[Brief descriptive captions]
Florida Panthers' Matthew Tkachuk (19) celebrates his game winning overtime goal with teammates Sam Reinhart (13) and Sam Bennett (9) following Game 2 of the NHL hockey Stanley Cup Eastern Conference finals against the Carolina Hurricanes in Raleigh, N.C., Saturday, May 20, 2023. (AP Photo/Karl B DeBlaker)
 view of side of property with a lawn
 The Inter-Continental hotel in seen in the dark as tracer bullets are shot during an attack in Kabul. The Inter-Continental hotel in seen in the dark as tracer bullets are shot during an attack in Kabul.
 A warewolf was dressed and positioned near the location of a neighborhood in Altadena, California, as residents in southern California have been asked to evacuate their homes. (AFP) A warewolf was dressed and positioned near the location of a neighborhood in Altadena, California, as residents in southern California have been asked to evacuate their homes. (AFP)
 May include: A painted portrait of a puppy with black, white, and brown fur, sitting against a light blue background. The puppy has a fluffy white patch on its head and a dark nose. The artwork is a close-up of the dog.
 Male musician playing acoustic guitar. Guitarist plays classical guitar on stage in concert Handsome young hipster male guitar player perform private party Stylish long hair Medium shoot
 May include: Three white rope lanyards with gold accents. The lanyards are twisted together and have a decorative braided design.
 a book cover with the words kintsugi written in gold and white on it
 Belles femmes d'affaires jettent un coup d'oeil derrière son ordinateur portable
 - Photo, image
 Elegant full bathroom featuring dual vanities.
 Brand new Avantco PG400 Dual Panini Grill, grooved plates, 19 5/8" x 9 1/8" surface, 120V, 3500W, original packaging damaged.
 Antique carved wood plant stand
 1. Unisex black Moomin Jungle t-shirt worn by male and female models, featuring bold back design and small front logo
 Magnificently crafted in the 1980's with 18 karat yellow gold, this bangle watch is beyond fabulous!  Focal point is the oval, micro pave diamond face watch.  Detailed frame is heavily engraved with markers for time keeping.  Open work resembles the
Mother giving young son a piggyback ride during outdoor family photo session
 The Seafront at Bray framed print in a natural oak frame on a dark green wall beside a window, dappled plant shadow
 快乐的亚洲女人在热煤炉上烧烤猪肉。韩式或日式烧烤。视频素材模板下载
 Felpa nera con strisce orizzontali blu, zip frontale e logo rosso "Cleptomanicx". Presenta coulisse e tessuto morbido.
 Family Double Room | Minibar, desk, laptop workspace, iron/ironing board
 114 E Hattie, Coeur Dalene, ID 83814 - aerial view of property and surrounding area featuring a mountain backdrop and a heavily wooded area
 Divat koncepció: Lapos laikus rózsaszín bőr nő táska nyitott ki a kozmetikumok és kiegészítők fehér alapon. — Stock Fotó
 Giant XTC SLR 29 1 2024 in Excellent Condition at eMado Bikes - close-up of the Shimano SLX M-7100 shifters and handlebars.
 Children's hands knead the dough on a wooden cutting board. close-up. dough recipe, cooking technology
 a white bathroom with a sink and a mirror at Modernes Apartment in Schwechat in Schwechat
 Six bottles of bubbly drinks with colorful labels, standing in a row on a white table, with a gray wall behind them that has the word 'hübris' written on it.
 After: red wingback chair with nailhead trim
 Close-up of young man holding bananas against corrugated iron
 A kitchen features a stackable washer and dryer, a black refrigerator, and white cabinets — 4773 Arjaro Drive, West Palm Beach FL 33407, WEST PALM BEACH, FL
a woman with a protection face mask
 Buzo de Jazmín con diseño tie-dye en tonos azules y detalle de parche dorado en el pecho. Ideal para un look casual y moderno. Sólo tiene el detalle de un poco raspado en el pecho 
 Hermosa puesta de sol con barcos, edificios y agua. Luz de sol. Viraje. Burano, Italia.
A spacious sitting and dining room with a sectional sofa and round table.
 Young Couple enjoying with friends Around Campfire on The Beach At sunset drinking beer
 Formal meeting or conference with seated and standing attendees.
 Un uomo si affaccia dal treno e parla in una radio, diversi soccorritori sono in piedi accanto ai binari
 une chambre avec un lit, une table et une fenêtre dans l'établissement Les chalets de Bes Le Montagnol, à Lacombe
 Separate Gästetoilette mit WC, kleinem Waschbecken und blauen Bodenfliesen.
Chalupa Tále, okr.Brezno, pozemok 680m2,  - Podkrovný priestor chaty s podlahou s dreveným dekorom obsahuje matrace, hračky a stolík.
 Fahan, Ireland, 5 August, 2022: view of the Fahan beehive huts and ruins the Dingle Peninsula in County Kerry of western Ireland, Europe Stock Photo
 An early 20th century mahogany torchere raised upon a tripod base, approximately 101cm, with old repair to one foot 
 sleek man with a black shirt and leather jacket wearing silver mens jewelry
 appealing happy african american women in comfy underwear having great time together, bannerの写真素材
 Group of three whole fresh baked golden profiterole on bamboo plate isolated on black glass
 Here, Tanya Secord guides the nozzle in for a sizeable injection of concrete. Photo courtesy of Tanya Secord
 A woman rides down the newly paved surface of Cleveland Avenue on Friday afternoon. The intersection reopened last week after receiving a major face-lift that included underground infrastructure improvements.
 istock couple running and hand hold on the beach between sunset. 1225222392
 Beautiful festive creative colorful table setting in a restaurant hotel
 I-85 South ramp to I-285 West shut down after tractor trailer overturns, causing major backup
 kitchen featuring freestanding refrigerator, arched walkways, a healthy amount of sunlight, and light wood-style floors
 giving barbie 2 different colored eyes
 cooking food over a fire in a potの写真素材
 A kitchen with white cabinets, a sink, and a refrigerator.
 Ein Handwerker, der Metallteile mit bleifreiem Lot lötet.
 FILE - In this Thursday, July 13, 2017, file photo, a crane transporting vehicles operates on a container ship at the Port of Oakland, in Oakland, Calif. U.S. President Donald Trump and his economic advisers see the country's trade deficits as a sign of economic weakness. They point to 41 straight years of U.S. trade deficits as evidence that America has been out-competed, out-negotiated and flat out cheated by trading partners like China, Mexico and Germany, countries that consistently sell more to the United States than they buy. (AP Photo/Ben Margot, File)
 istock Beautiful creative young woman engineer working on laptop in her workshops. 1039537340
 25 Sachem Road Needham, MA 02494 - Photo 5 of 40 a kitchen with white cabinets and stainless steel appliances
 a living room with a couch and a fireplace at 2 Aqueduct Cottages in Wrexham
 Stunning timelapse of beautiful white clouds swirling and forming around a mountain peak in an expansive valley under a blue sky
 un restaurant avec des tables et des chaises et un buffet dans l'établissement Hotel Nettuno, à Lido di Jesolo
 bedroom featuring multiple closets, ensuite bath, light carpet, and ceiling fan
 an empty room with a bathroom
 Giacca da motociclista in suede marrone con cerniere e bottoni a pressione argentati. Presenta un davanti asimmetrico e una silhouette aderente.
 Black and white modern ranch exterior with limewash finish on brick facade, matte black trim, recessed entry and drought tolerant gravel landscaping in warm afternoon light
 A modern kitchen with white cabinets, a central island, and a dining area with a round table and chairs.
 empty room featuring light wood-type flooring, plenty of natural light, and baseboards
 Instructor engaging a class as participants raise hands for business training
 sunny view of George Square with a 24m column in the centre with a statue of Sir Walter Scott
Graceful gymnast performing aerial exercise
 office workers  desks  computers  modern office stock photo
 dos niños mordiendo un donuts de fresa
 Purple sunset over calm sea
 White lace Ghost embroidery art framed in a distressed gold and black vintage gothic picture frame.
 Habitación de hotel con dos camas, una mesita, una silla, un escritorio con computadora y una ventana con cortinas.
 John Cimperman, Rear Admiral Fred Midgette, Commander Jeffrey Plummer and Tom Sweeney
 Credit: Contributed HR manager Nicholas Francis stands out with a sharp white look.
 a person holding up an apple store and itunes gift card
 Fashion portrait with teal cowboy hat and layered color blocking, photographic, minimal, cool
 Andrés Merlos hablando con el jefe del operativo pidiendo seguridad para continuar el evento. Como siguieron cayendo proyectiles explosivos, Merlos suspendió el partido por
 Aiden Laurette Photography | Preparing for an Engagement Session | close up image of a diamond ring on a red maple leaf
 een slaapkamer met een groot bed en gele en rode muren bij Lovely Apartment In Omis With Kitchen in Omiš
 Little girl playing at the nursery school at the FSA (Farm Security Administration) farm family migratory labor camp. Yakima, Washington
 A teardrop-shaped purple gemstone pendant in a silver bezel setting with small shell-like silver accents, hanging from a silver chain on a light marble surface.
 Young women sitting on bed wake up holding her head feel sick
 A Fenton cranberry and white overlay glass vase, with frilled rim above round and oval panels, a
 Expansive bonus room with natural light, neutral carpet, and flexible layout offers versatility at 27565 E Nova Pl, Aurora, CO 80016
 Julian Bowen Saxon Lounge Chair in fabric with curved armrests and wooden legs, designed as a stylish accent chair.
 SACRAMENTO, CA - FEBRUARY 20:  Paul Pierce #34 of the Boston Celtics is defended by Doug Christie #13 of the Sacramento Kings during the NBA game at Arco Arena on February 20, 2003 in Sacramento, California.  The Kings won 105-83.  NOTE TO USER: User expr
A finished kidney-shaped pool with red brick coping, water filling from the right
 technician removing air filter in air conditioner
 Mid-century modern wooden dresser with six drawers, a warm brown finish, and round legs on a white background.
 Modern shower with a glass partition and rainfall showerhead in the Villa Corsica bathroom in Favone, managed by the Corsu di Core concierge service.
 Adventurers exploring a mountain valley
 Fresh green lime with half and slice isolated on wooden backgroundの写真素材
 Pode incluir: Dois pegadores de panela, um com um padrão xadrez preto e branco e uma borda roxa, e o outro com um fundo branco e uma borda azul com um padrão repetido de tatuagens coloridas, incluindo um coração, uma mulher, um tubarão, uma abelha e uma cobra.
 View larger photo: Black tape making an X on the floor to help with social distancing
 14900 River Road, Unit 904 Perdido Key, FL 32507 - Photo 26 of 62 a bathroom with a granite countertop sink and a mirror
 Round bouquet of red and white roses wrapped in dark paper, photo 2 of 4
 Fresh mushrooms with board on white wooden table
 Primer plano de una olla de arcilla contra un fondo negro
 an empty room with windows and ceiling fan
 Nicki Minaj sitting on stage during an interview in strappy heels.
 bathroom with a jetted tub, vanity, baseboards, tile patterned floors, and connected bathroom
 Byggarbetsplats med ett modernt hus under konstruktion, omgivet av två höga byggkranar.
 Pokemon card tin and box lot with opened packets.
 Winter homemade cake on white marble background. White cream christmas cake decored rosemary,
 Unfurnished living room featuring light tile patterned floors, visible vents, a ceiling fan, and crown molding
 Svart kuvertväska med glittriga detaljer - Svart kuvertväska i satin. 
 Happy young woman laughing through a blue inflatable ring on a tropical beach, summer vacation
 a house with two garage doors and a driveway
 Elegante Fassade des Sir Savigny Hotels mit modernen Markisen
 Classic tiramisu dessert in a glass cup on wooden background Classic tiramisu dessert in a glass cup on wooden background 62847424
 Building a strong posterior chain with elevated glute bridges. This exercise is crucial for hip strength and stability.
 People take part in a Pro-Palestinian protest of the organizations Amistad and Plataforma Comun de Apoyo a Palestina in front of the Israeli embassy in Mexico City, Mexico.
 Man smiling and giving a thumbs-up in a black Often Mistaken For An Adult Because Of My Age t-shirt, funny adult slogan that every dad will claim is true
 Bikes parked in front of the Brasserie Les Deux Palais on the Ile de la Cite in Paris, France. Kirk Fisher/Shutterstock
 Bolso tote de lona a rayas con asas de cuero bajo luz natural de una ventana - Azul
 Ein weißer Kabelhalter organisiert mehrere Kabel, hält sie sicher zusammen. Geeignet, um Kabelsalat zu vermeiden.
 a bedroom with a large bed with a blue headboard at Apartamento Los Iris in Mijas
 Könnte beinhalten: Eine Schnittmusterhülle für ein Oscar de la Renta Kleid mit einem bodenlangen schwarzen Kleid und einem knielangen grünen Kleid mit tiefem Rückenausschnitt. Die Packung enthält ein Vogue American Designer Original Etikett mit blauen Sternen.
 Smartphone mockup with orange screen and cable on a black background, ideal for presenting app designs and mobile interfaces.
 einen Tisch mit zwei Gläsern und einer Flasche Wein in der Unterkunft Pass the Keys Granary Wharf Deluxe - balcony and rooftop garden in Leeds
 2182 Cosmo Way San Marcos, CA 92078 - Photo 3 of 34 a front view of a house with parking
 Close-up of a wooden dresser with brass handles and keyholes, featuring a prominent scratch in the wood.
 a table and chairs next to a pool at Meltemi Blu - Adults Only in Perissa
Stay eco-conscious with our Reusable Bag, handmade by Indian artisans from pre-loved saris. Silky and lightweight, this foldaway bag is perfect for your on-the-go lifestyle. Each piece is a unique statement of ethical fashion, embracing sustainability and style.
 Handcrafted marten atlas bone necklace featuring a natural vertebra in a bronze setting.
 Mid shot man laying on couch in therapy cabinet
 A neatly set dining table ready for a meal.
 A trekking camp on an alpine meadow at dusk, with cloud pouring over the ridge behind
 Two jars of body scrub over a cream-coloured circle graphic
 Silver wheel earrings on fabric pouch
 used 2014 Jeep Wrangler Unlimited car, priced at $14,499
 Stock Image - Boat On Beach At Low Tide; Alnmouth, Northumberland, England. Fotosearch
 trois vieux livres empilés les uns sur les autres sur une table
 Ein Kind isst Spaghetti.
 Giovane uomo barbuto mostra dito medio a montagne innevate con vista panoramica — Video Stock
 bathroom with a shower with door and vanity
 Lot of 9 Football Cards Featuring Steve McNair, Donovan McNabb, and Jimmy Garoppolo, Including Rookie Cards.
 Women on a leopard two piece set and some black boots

THE PROBLEM:
Among the entries above, the line containing "Round bouquet of", the line containing "wooden background 62847424", and all lines between them are to be restated word for word; nothing else belongs in the reply.

RESPONSE TO THE EXERCISE:
 Round bouquet of red and white roses wrapped in dark paper, photo 2 of 4
 Fresh mushrooms with board on white wooden table
 Primer plano de una olla de arcilla contra un fondo negro
 an empty room with windows and ceiling fan
 Nicki Minaj sitting on stage during an interview in strappy heels.
 bathroom with a jetted tub, vanity, baseboards, tile patterned floors, and connected bathroom
 Byggarbetsplats med ett modernt hus under konstruktion, omgivet av två höga byggkranar.
 Pokemon card tin and box lot with opened packets.
 Winter homemade cake on white marble background. White cream christmas cake decored rosemary,
 Unfurnished living room featuring light tile patterned floors, visible vents, a ceiling fan, and crown molding
 Svart kuvertväska med glittriga detaljer - Svart kuvertväska i satin. 
 Happy young woman laughing through a blue inflatable ring on a tropical beach, summer vacation
 a house with two garage doors and a driveway
 Elegante Fassade des Sir Savigny Hotels mit modernen Markisen
 Classic tiramisu dessert in a glass cup on wooden background Classic tiramisu dessert in a glass cup on wooden background 62847424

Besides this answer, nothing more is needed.